06 février 2009

Antennes-relais : la justice contre la science ?

L'analyse de Martine Perez, rédactrice en chef chargée du service Science-médecine du Figaro.fr..

Mercredi, Bouygues Telecom a été condamné par la cour d'appel de Versailles à retirer une antenne-relais située à proximité d'habitations à Tassin-la-Demi-Lune dans le Rhône, au motif de «l'angoisse ressentie » par les familles avoisinantes. Ce jugement confirme celui du tribunal de grande instance de Nanterre de septembre 2008 qui avait déjà condamné l'opérateur de téléphonie «au nom du principe de précaution».

Ces décisions, très étonnantes au demeurant pour les scientifiques spécialisés, soulèvent de nombreuses questions, et pourraient avoir des répercussions en cascade. Les antennes-relais captent des signaux électromagnétiques et les retransmettent à leur tour. Sans ces émetteurs-récepteurs, la téléphonie mobile ne serait pas possible.

Selon plusieurs experts, les champs électromagnétiques induits par les antennes-relais sont du même ordre de grandeur que ceux de la télévision ou la radio, que les populations supportent depuis plus de cinquante ans sans crainte, sans risque, sans danger et sans protestation, à peu près partout dans le monde. Il y a eu des rapports scientifiques en France, en Europe, aux États-Unis. Il y en a même eu un réalisé par l'Organisation mondiale de la santé. Tous concordent. Ils affirment que les antenne-relais n'ont pas d'effets nocifs sur la santé.

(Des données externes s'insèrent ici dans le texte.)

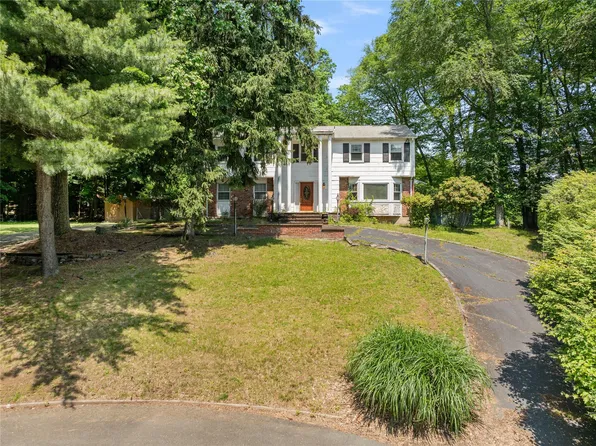 10 Salem Ct, Spring Valley, NY 10977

À titre de comparaison, les téléphones portables, dont les dangers éventuels sont l'objet de débats scientifiques intenses, émettent entre mille et dix mille fois plus d'ondes électromagnétiques que les antenne-relais. Pourquoi la justice a-t-elle alors donné raison à deux reprises aux plaignants ? La première fois, en septembre 2008, c'était au titre du « principe de précaution », et du fait que la preuve de l'innocuité totale des antennes-relais « n'avait pas été apportée par les scientifiques ».


Certes, le principe de précaution est inscrit dans la Constitution depuis 2004. Son interprétation peut être très large. Mais, pour les scientifiques, il ne peut être évoqué que devant un faisceau d'arguments précis. Le principe de précaution n'a pas vocation à être agité en l'air de manière gratuite, comme une sorte de parapluie que l'on ouvrirait en cas de crise, en guise de réponse à une question dérangeante. Par ailleurs, s'il n'a jamais été démontré que les antenne-relais étaient dangereuses, la preuve de leur innocuité n'a pas été apportée non plus : il est quasiment impossible de démontrer qu'un risque n'existe pas…

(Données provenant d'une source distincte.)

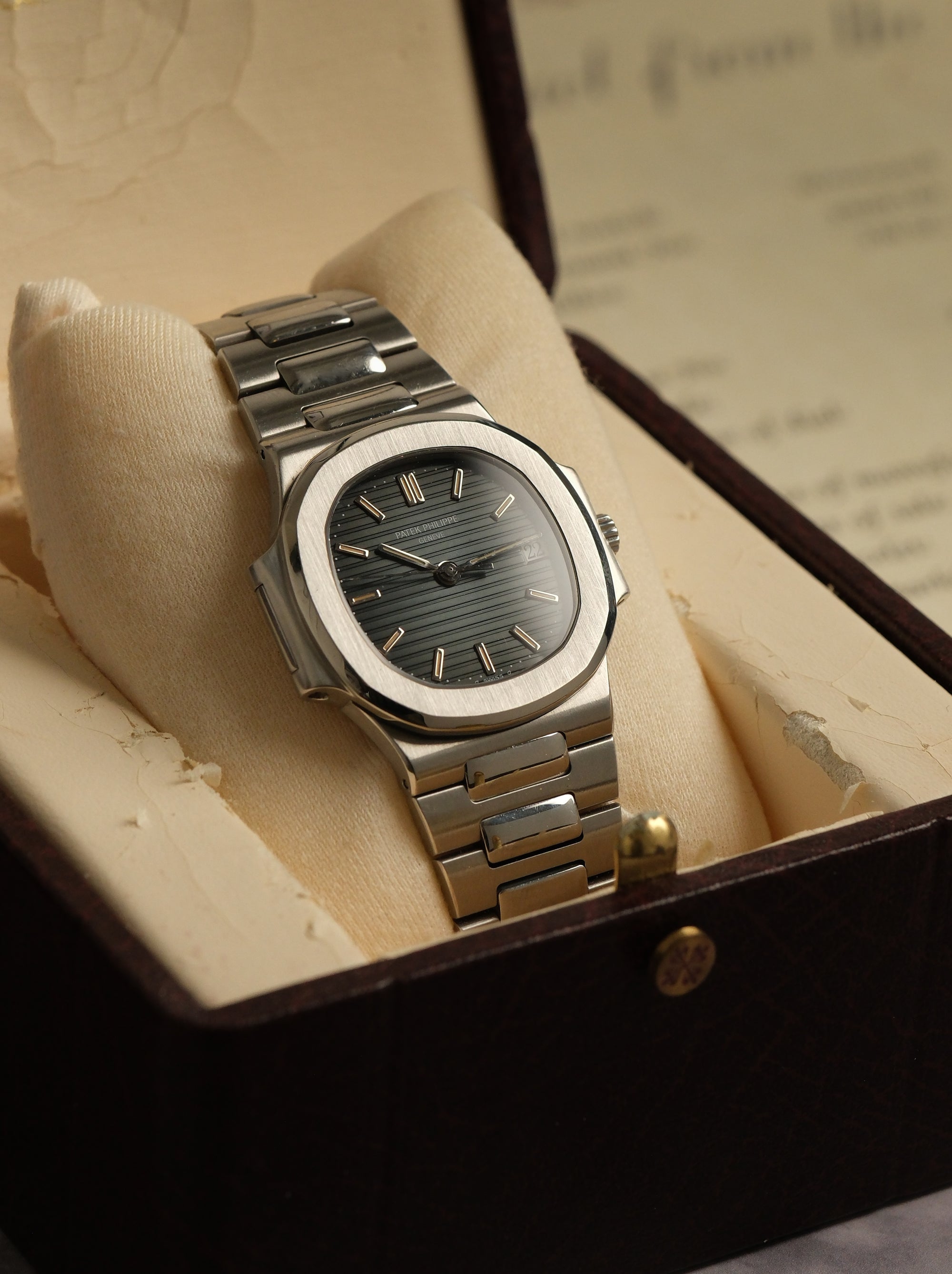 Patek Philippe Nautilus 1995 / extract / serviced PP / box and goodies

Mercredi, la cour d'appel, elle, pour justifier sa décision a évoqué «le ressenti des familles », face à l'angoisse provoquée par ces antennes-relais. Mais pourquoi ces familles sont-elles angoissées par les antennes-relais, alors que les rapports scientifiques sont rassurants ? Si leur crainte n'avait pas de base rationnelle, la justice vient en tout cas de la conforter. Si dans votre appartement fermé à clé, votre enfant le soir au lit dans le noir a peur du loup et que vous lui donnez raison, il a peu de chance de recouvrer sa tranquillité.

Il semble que la justice dans cette affaire a mieux entendu le battage de certaines associations dénonçant depuis plusieurs années les dangers des antenne-relais que les scientifiques spécialisés dans les questions d'environnement comme le professeur Denis Zmirou (et bien d'autres d'ailleurs), qui engagent leur responsabilité en ayant le courage d'affirmer qu'il n'y a aucun risque établi avec ces antennes. La société médiatique donne parfois autant d'audience à des électrons libres qui jouent avec les peurs des populations qu'à des experts scientifiques reconnus.

On se demande, dans un tel contexte, ce qui pourrait bien empêcher d'autres personnes, qui «ressentent» sans doute très sincèrement les antennes-relais comme une menace, de porter plainte à leur tour contre des opérateurs de téléphonie.